Positional Arguments:

  • input_image: Path to the input image.
    • Supported formats: TIFF, PNG, JPG, Sony ARW, DNG.
  • output_image: Path to save the output image with film grain.
    • Output format is determined by the file extension:
      • .tiff / .tif: 16-bit uncompressed TIFF.
      • .png: 8-bit PNG.
      • .jpg / .jpeg: 8-bit JPG (quality 95).

Options:

  • --mu_r FLOAT: Mean grain radius (relative to pixel size). (Default: 0.1)
    • Controls the apparent size of the grain particles. Larger values mean larger grains.
    • Must be positive.
  • --sigma FLOAT: Standard deviation of the Gaussian Filter for noise blurring (sigma_filter). (Default: 0.8)
    • Controls the sharpness or softness of the grain. Higher values result in softer, more blurred grain.
    • Must be positive.
    • The paper suggests sigma_filter should ideally be >= 3 * mu_r for the model's approximations to hold well. The script will issue a warning if this condition is not met.
  • --seed INT: Random seed for noise generation. (Default: 42)
    • Allows for reproducible grain patterns.
  • --mono: Apply monochrome film grain across channels based on luminance. (Default: False - apply RGB grain)
    • If enabled, grain is generated based on the image's luminance and applied uniformly to R, G, and B channels.
    • If disabled, grain is generated and applied independently for each color channel (R, G, B), leading to colored grain.

Workflow

  1. Load Image:
    • Reads the input image. RAW files (ARW, DNG) are post-processed using rawpy (16-bit output, camera WB, no auto-bright, linear gamma). Other formats (TIFF, PNG, JPG) are read using imageio.
    • The image is converted to a 0-1 float32 range.
  2. Precompute Variance LUT:
    • Calculates a lookup table (LUT) for the variance of the Boolean-Poisson (BP) noise model. This involves numerically integrating a complex function derived from the grain model, significantly speeding up per-pixel variance calculation later.
  3. Prepare Gaussian Kernel:
    • Creates a 2D Gaussian kernel based on the sigma_filter parameter. This kernel is used to blur the initial noise, shaping the grain's appearance. The kernel radius is determined by sigma_filter.
  4. Process Channels (RGB or Monochrome):
    • Monochrome Mode (--mono):
      • The input image is converted to grayscale (luminance).
      • generate_noise_kernel (Warp kernel): Generates initial random noise for the grayscale image. The noise variance at each pixel is determined by the pixel's intensity (u_val) and the precomputed variance LUT, scaled by mu_r and sigma_filter.
      • convolve_2d_kernel (Warp kernel): Convolves the generated noise with the 2D Gaussian kernel to produce the filtered (shaped) grain.
      • This single-channel filtered noise is then used for all R, G, and B output channels.
    • RGB Mode (default):
      • The process above (noise generation and convolution) is performed independently for each color channel (R, G, B) of the input image.
      • Different random seeds are used for each channel (seed, seed+1, seed+2) to ensure decorrelated grain patterns.
      • If the input is grayscale, the R channel's noise is copied to G and B.
  5. Add Noise and Clip:
    • add_rgb_noise_and_clip_kernel (Warp kernel): Adds the filtered noise (either monochrome or per-channel RGB) to the original image channels.
    • The result is clipped to the 0.0 - 1.0 range.
  6. Save Output:
    • The final image with added grain is copied from the GPU back to the CPU.
    • It's converted to the appropriate bit depth (16-bit for TIFF, 8-bit for PNG/JPG) and saved.

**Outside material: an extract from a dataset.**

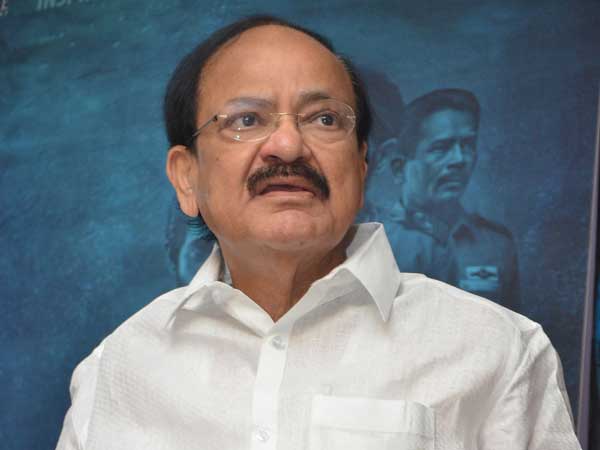 ఉపరాష్ట్రపతి వెంకయ్యనాయుడు ఫోన్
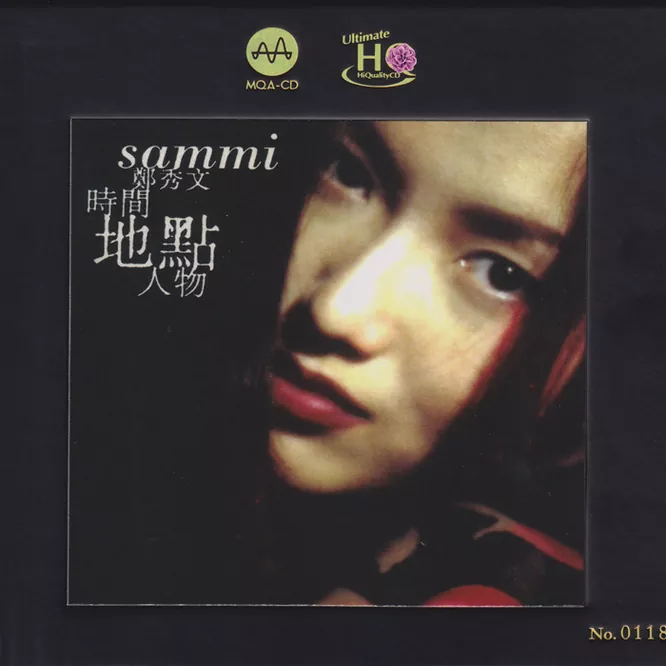 时间地点人物 [MQA+UHQCD] 限量版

Technical Details (from Zhang et al. 2023)

  • Boolean-Poisson (BP) Model: The grain is modeled as randomly placed circular grains (disks) of radius mu_r. The local density of these grains depends on the image intensity.
  • Variance Calculation: The core of the model involves calculating the variance of the noise that would result from this BP process. This variance is intensity-dependent. The w_func and CB_const_radius_unit functions in the script are related to the geometric calculations of overlapping disks, which are part of this variance derivation. The integral of CB_const_radius_unit * x gives the key component for variance, which is precomputed into the LUT.
  • Filtering: The raw noise generated based on this variance is then filtered (convolved) with a Gaussian kernel (h in the paper, controlled by sigma_filter) to achieve the final grain appearance. The paper notes that the filter's standard deviation sigma_filter should be significantly larger than mu_r (e.g., sigma_filter >= 3 * mu_r) for certain approximations in their model to be accurate.